EXCERPTED RECORDS:
● ● ● ● ●
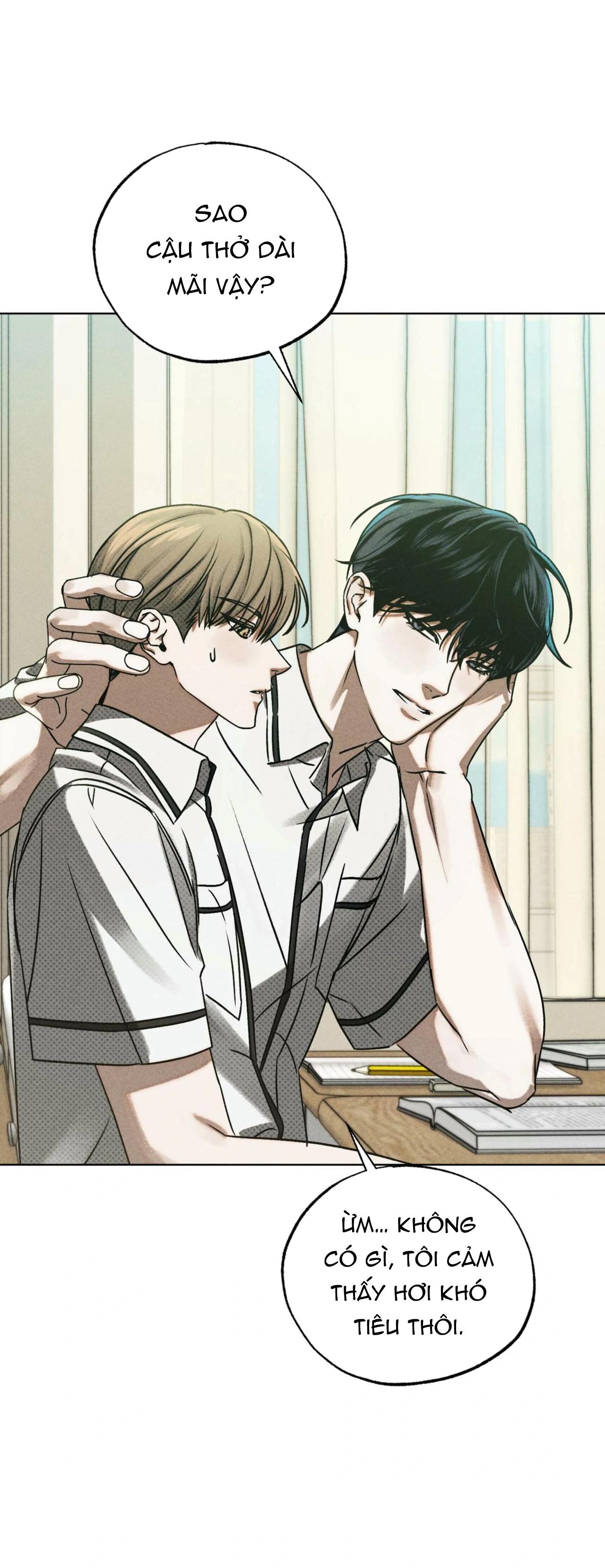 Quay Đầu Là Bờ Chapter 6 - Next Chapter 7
● ● ● ● ●
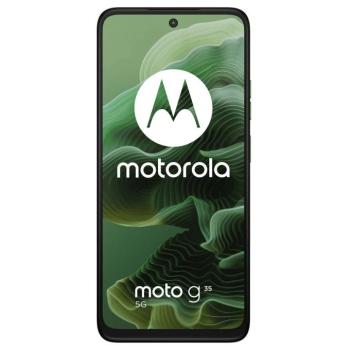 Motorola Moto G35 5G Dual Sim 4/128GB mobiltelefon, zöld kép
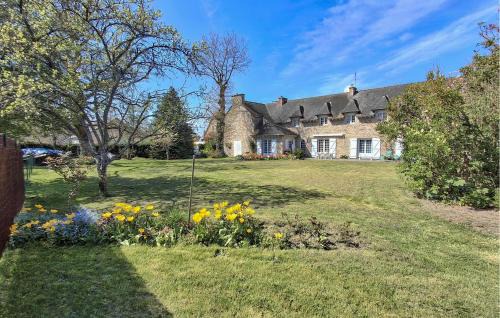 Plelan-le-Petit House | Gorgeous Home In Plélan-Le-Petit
● ● ● ● ●
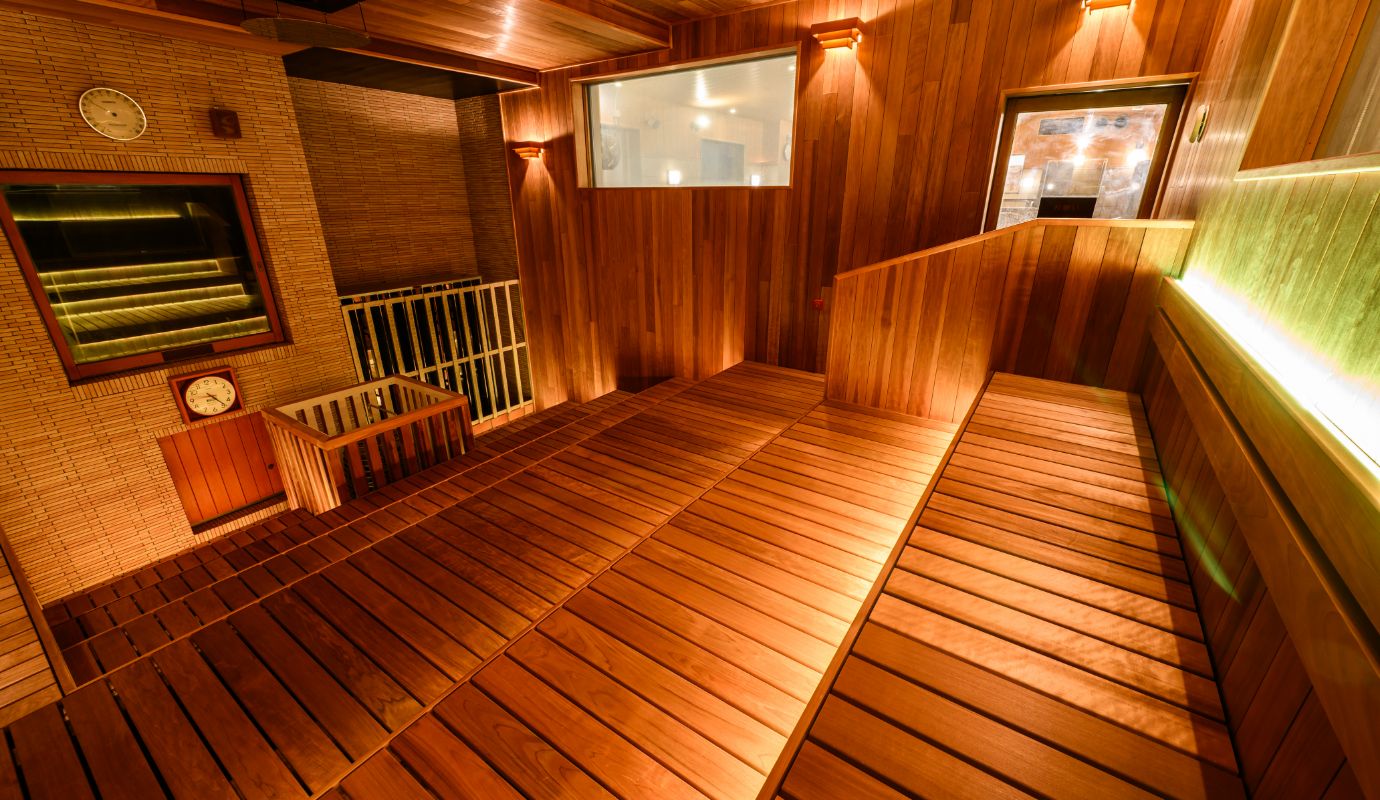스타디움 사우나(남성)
● ● ● ● ●
BRIEF:
Repeat, without pictures, exactly the lines of the data above from the one containing "Motorola Moto G35" through the one containing "Plelan-le-Petit House |", including both and adding nothing.

OUTPUT FOR THIS EXERCISE:
 Motorola Moto G35 5G Dual Sim 4/128GB mobiltelefon, zöld kép
 Plelan-le-Petit House | Gorgeous Home In Plélan-Le-Petit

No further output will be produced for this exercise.